▶ _Work to be completed_
Omit all pictures. Print the remaining lines exactly, from the start of the data through the line containing "Use your bone".

▶ _Source data_
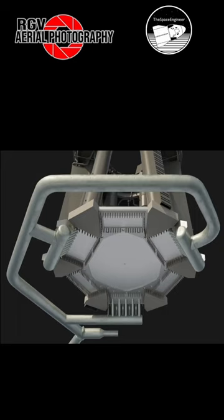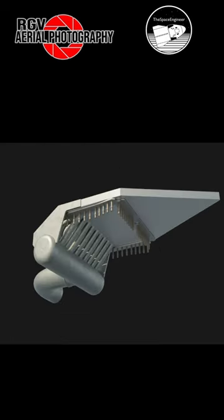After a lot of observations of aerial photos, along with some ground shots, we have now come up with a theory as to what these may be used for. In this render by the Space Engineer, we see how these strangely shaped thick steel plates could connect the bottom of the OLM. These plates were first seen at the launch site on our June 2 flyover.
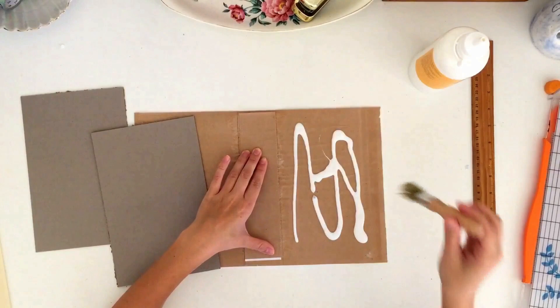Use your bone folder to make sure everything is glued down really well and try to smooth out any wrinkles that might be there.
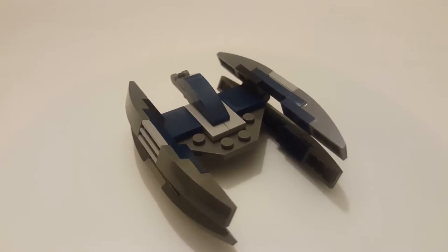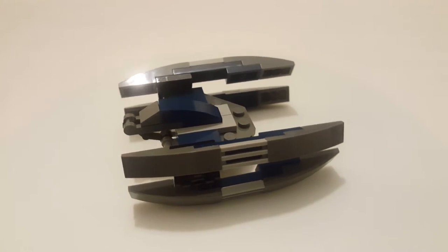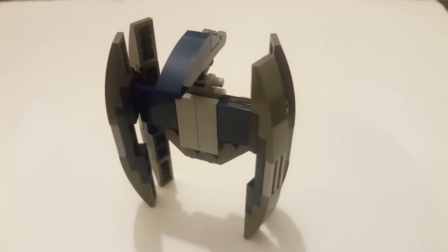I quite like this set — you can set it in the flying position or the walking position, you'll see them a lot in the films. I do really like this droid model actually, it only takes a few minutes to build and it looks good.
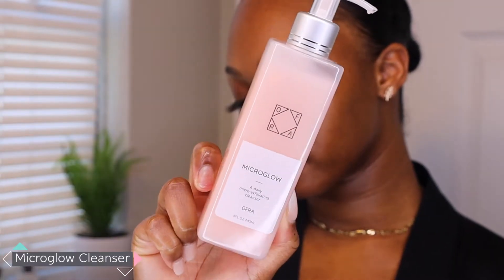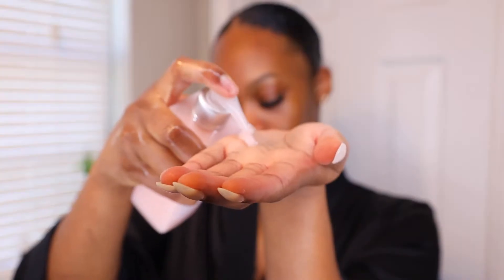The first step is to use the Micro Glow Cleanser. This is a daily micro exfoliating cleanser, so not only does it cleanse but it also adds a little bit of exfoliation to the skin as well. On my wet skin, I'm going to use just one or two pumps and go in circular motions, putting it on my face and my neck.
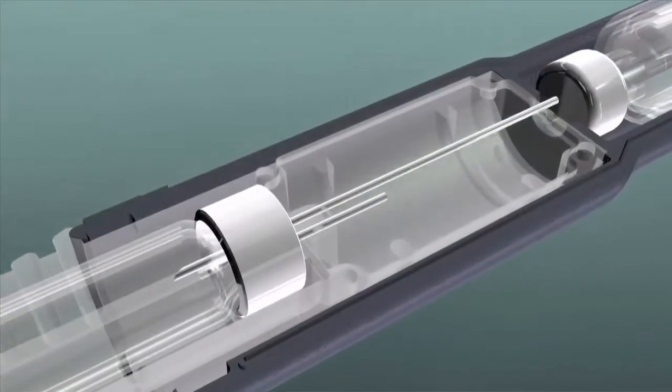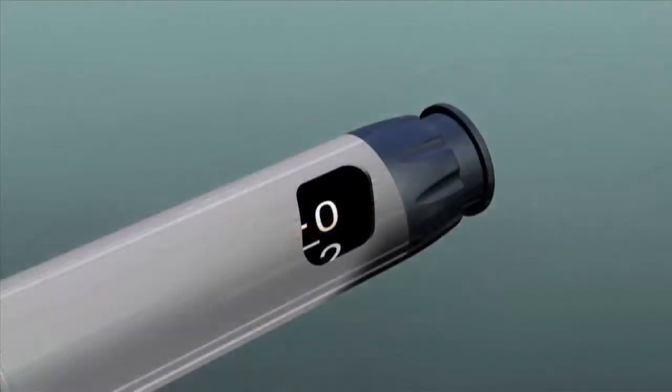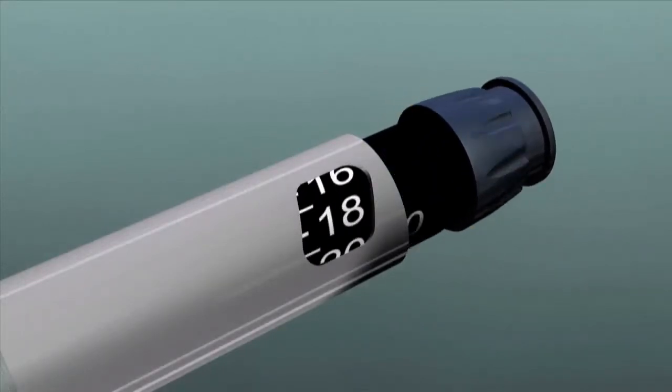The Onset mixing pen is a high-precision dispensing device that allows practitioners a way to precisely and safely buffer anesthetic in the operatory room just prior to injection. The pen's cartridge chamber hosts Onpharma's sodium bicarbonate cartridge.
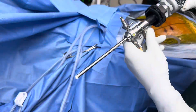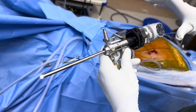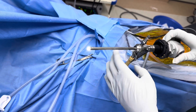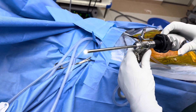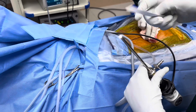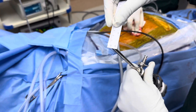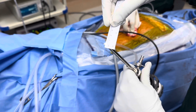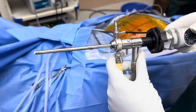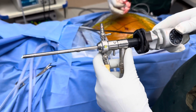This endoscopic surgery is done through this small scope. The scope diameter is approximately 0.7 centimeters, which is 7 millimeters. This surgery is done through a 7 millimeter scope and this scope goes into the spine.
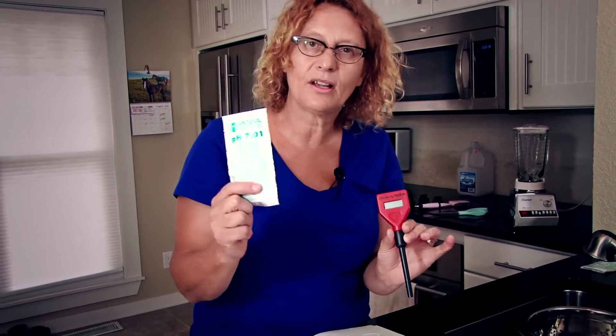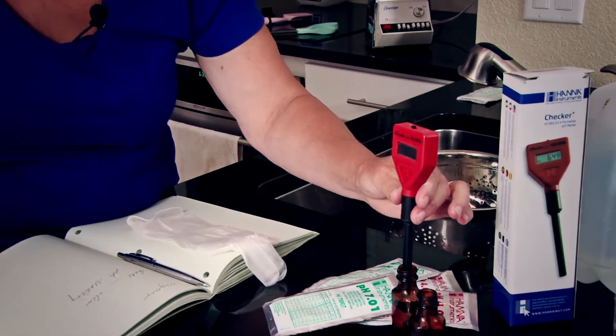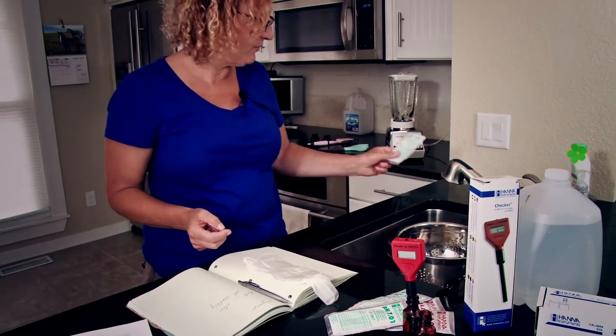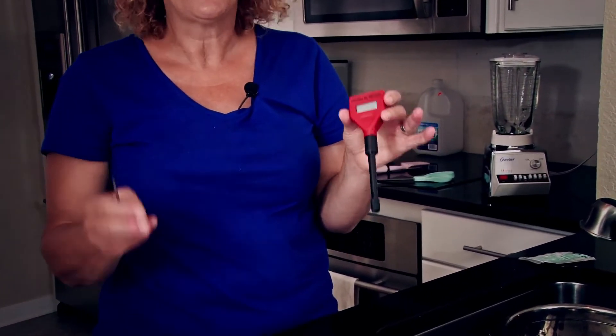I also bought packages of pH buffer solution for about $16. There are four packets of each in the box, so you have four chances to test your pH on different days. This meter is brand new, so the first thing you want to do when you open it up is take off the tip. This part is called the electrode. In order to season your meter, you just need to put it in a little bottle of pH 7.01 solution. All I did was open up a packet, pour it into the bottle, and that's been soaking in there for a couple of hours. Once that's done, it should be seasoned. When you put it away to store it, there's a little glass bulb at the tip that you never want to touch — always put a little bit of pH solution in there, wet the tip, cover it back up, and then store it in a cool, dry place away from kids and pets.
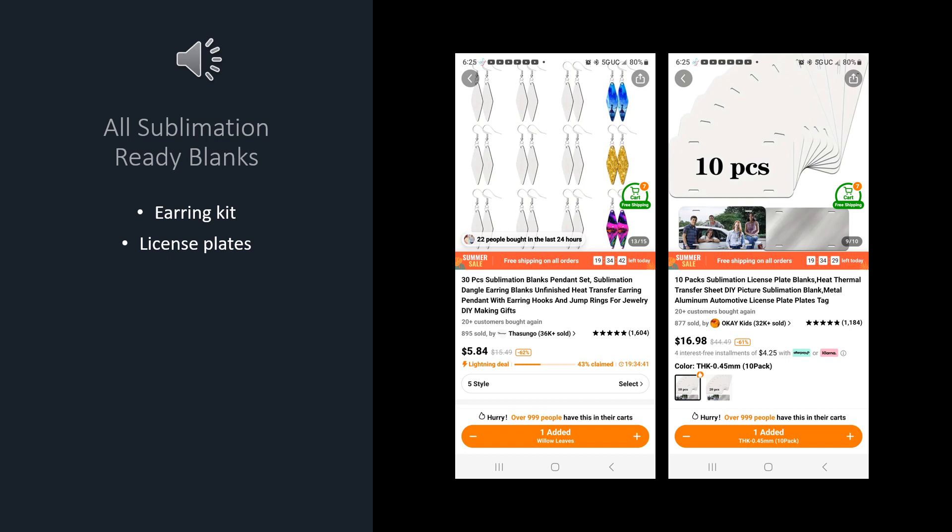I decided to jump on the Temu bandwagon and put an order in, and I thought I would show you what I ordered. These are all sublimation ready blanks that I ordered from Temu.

▶ _Response_
After a lot of observations of aerial photos, along with some ground shots, we have now come up with a theory as to what these may be used for. In this render by the Space Engineer, we see how these strangely shaped thick steel plates could connect the bottom of the OLM. These plates were first seen at the launch site on our June 2 flyover.
Use your bone folder to make sure everything is glued down really well and try to smooth out any wrinkles that might be there.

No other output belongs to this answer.